• **INFORMATION PROVIDED**
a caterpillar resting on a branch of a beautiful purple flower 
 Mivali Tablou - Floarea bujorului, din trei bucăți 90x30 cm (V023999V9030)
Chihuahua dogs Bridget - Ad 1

• **EXERCISE**
Write each line of the data down again exactly as it reads.

• **EXPECTED ANSWER**
a caterpillar resting on a branch of a beautiful purple flower 
 Mivali Tablou - Floarea bujorului, din trei bucăți 90x30 cm (V023999V9030)
Chihuahua dogs Bridget - Ad 1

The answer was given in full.